--- PROVIDED RECORDS ---
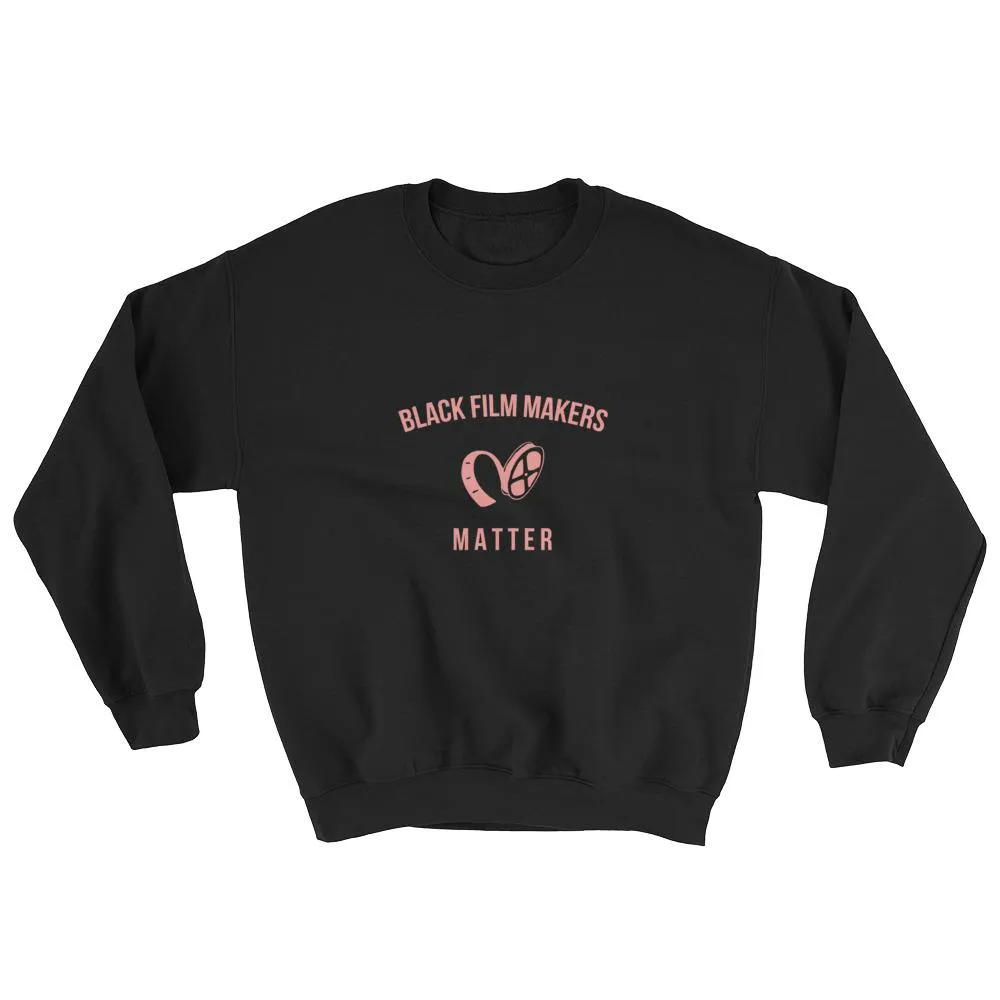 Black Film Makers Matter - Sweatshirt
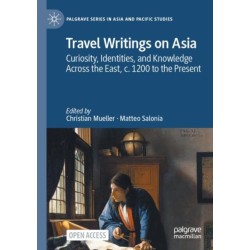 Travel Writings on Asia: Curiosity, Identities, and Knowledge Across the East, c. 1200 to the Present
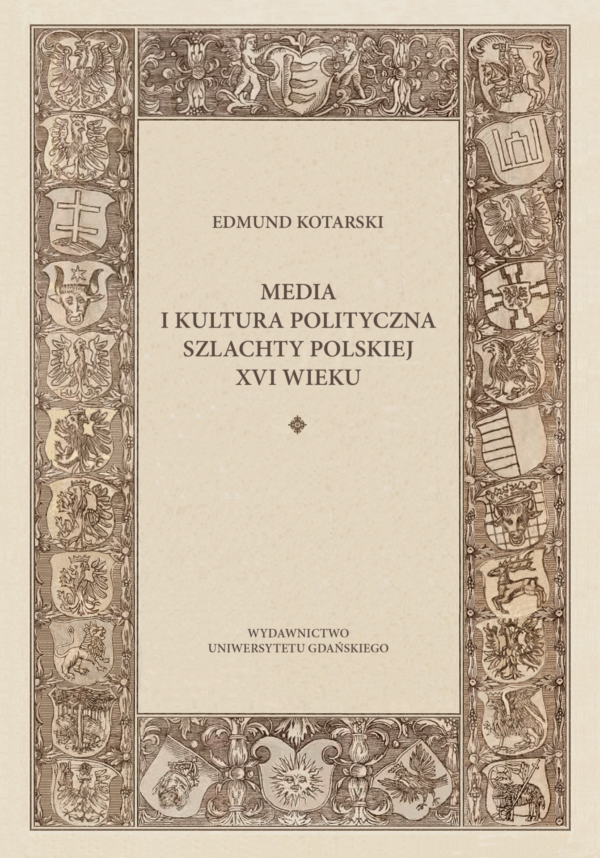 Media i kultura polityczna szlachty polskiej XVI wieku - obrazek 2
* * *
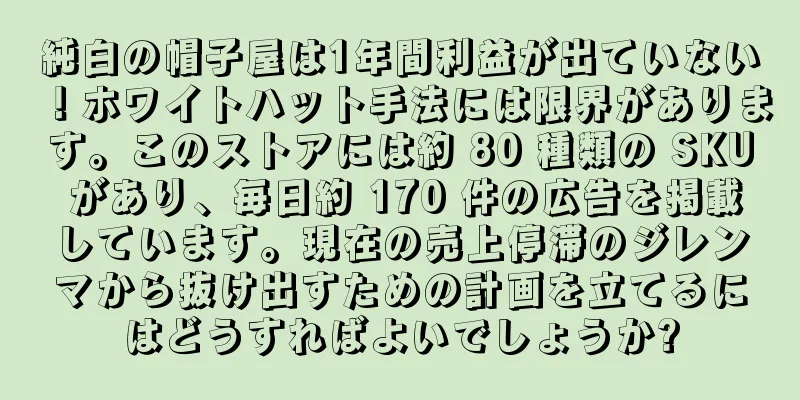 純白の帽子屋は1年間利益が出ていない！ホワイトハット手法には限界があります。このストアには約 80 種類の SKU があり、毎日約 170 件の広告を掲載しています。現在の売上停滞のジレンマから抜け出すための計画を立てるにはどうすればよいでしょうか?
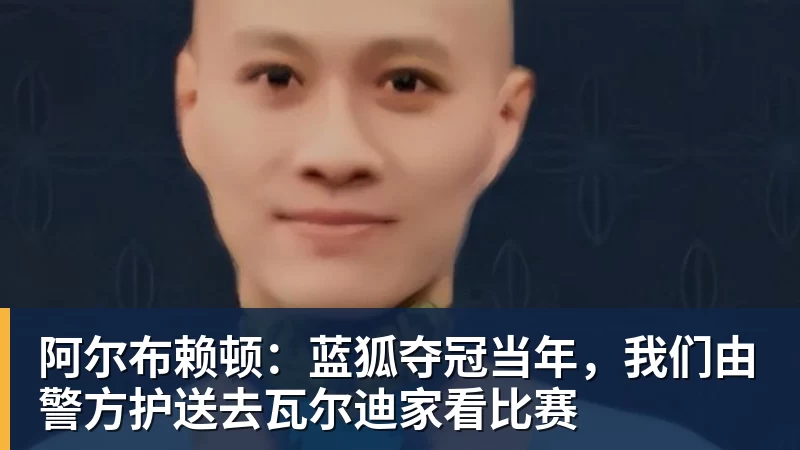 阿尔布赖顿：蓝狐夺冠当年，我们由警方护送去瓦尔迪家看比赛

--- EXERCISE ---
In the listing above, find the line with "純白の帽子屋は1年間利益が出ていない！ホワイトハット手法には限界があります。このストアには約 80 種類の" and the line with "阿尔布赖顿：蓝狐夺冠当年，我们由警方护送去瓦尔迪家看比赛". Copy exactly those two and every line between, without the pictures.

--- ANSWER AREA ---
 純白の帽子屋は1年間利益が出ていない！ホワイトハット手法には限界があります。このストアには約 80 種類の SKU があり、毎日約 170 件の広告を掲載しています。現在の売上停滞のジレンマから抜け出すための計画を立てるにはどうすればよいでしょうか?
 阿尔布赖顿：蓝狐夺冠当年，我们由警方护送去瓦尔迪家看比赛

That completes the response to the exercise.